ROME — As a man-made “replicant” in sci-fi classic “Blade Runner,” Rutger Hauer has a memorable speech that begins with the line: “I’ve seen things you people wouldn’t believe.”
Literally, as the thesp is behind a new film festival and distribution plan with his Milan-based I’ve Seen Films fest for short films. Those pics will be beamed by satellite onto Italo screens via Microcinema, a cutting-edge Italo outfit, in partnership with the European Space Agency (ESA).
Thanks to a recent agreement, a selection of the 337 shorts from 90 countries unspooling in crisp Blu-ray at the second edition of Hauer’s fest will also be beamed to digitally equipped cinemas across Italy via satellite ahead of the main feature. The event’s closing-night gala will go out live in high definition on Microcinema’s circuit, and also in select European digital theaters via ESA’s Innovative Satellite Interactive Digital Entertainment project.
The high-profile jury of the Sept. 24-Oct. 3 fest includes helmers Ridley Scott (who directed Hauer in “Blade Runner”), Robert Rodriguez, Paul Verhoeven and Anton Corbijn.
Hauer, who is making catchwords like “digital” and “new platforms” his mantra, sort of sees himself as pioneer of a film festival and film distribution model that offers emerging artists fresh outlets.
“I’m just excited about the whole world of possibilities that I see in the rapidly changing digital arena in terms of being a filmmaker and bringing your ideas in front of an audience,” he says.
Turin-based Microcinema, which operates about 80 screens, touts itself as Europe’s largest satellite digital distribution network. In 2007, it launched its then-25-screen loop by beaming the live opening-night performance of Giuseppe Verdi’s “La Traviata” from Rome’s Teatro Dell’Opera in what execs claimed was the first national hookup of this type. Last year, Microcinema showed the live bow of Milan’s famed La Scala opera season to 5,000 spectators in Italo movie theaters.
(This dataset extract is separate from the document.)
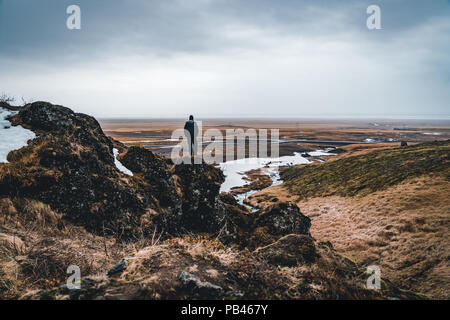 Jeune homme donnant sur la vue spectaculaire du matin célèbre Svartifoss (noir) Automne Cascade. Été haut en couleurs, le lever du soleil dans le parc national de Skaftafell Vatnajökull, l'Islande, l'Europe. Style artistique poste a traité la photo. Banque D'Images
This year Microcinema distributed its first 3-D pic, “Monsters vs. Aliens,” via satellite using its multi-format M-box system.
“We now expect our circuit to grow at a rate of about 100 digital screens a year,” says Microcinema spokesman Luca De Gasperin.
Because it eliminates the print fee, “theater owners know that this is where we are going,” says Hauer.
But he is clearly more interested in how new technology can give filmmakers more visibility.
Besides his I’ve Seen Films fest, Hauer also runs intensive film courses in Rotterdam through his Rutger Hauer Filmfactory. Between June 18-28, these will see Verhoeven and Rodriguez hold “virtual master classes” via Skype, while Polish helmer-producer Lech Majewski (“The Garden of Earthly Delights”) and Belgian cinematographer Walther van den Ende (“Merry Christmas”) will be on hand as coaches.
As for acting, Hauer — whose last memorable Hollywood role was as rapacious corporate bigwig Richard Earle in “Batman Begins” — will soon be on Italian screens as crusading Holy Roman Emperor Frederick Barbarossa in Italo helmer Renzo Martinelli’s “Barbarossa” epic. A clutch of other films starring Hauer await release, including Majewski’s “The Mill and the Cross,” in which he plays Dutch painter Peter Brueghel.
Meanwhile, Hauer is trying to mount a passion project titled “A Reluctant Hero” about banker Wally van Hall who almost single-handedly funded the Dutch anti-Nazi resistance, interestingly through a series of audacious financial frauds.